Wer nicht trinkt, wird auch nicht vergewaltigt: Das rät TV-Moderator Andrea Giambruno und Partner von Premier Meloni Frauen.

Andrea Giambruno und Giorgia Meloni nüchtern unterwegs Foto: ipa-agency/imago

„Ich liebe es nicht, im Scheinwerferlicht zu stehen“, behauptete der italienische TV-Journalist Andrea Giambruno noch vor einigen Jahren in einem Interview. Doch in den letzten Tagen findet sich der 41-Jährige hell ausgeleuchtet, womöglich allzu hell. Und das nicht bloß, weil er der Lebensgefährte der Ministerpräsidentin Giorgia Meloni ist, sondern vor allem, weil er mit mehr als diskutablen Thesen zu einem Vergewaltigungsfall in Palermo auffiel, der gegenwärtig das ganze Land beschäftigt.

Im Viertel Vucciria, einer der Partymeilen der sizilianischen Hauptstadt, hatten in der Nacht vom 6. auf den 7. Juli sieben junge Männer eine 19-Jährige zunächst gezielt betrunken gemacht, um sie dann, ihrer Sinne kaum noch mächtig, in ein verlassenes Eck zu schleppen und sie dort gemeinsam zu vergewaltigen, während einer von ihnen die ganze Zeit das Geschehen mit seinem Smartphone filmte. „Lass sie ordentlich trinken, an den Rest denken wir dann“, sollen die Täter laut den Ermittlern dem Barkeeper gesagt haben.

Schwer belastet werden die sieben durch den Chatverlauf zwischen ihnen. Sie alle sitzen mittlerweile in U-Haft, streiten aber die Tat ab mit dem Argument, ihr Opfer habe bloß einverständlichen Sex mit ihnen gehabt, und da konnten sie einfach nicht nein sagen. „Das Fleisch ist eben Fleisch“, schreibt einer von ihnen im Chat seinen Freunden.
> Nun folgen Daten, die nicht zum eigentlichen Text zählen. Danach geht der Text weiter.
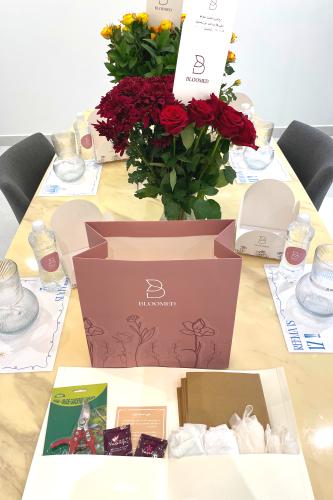 باكيج مشاركة الأصدقاء  - classic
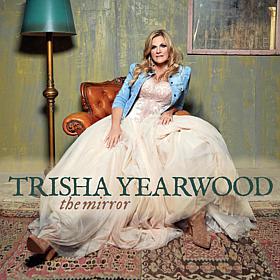 Trisha Yearwood Vinyl - The Mirror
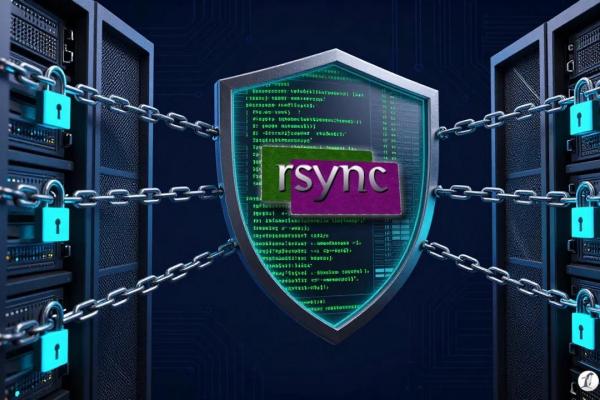 rsync 3.5.0 Drops 33 CVEs, Plugs Critical Symlink Race Conditions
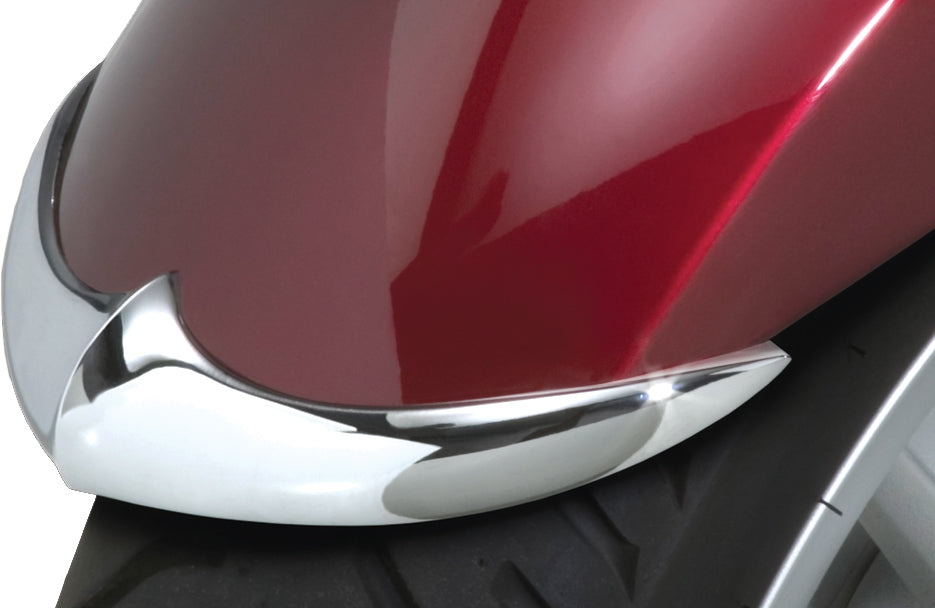 Cast Front Fender Tip - 562-30200 - National Cycle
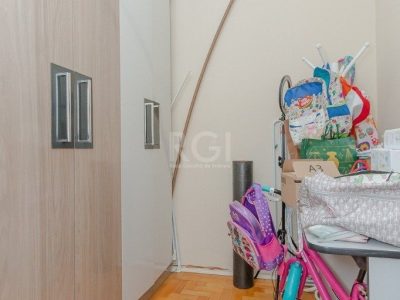 Apartamento à venda com 82m², 3 quartos no bairro Bom Fim em Porto Alegre - Foto 14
Zugleich finden sich Zeilen, die keinen Zweifel am Geschehen lassen: „Sie wollte nicht, sie sagte ‚nein, basta‘ “, oder auch „wir waren 100 Hunde gegenüber einer Katze, eine Sache, die ich nur in Pornovideos gesehen habe, das war eine Massenvergewaltigung“.

Um Massenvergewaltigung handelte es sich auch bei dem zweiten, ebenfalls jetzt bekannt gewordenen Fall. In dem Städtchen Caivano bei Neapel hatte eine Gruppe von mindestens 15 Jungen, die ältesten 19 Jahre alt, die jüngsten nicht einmal strafmündig, weil jünger als 14, immer wieder zwei 10 und 12 Jahre alte Cousinen vergewaltigt.

Klassische Täter-Opfer-Umkehr

Für Meloni-Partner Giambruno war das am vergangenen Montag ein guter Grund, sich in seinem täglichen Info-Programm „Diario del giorno“ („Das Tagebuch von heute“) der Thematik zu widmen unter dem Titel: „Die Horde vergewaltigt – ein gesellschaftlicher Notstand?“ Und er war sofort mit guten Ratschlägen bei der Hand, nicht etwa für die Männer, sondern für die Frauen: „Wenn du tanzen gehst, hast du gewiss jedes Recht, dich zu betrinken. Aber wenn du es vermeidest, dich zu betrinken und so die Kontrolle zu verlieren, vermeidest du auch, mit gewissen Problemen konfrontiert zu sein und den Wolf zu treffen.“

Mit dem auch von Giambruno zunächst auch Frauen generös zugestandenen Recht auf Rausch ist es also genau besehen nicht weit her – am Ende liegt es wieder einmal an ihnen, Vorsorge zu treffen, damit sie dem „Wolf“ nicht zur Beute werden, nah an der Logik der Täter von Palermo, wonach „das Fleisch eben Fleisch“ ist. Und auch die Anwälte der Täter sind angeblich schon entsprechend unterwegs. Wie es heißt, wollen sie den Lebenswandel des Opfers in den Mittelpunkt ihrer Verteidigungsstrategie stellen.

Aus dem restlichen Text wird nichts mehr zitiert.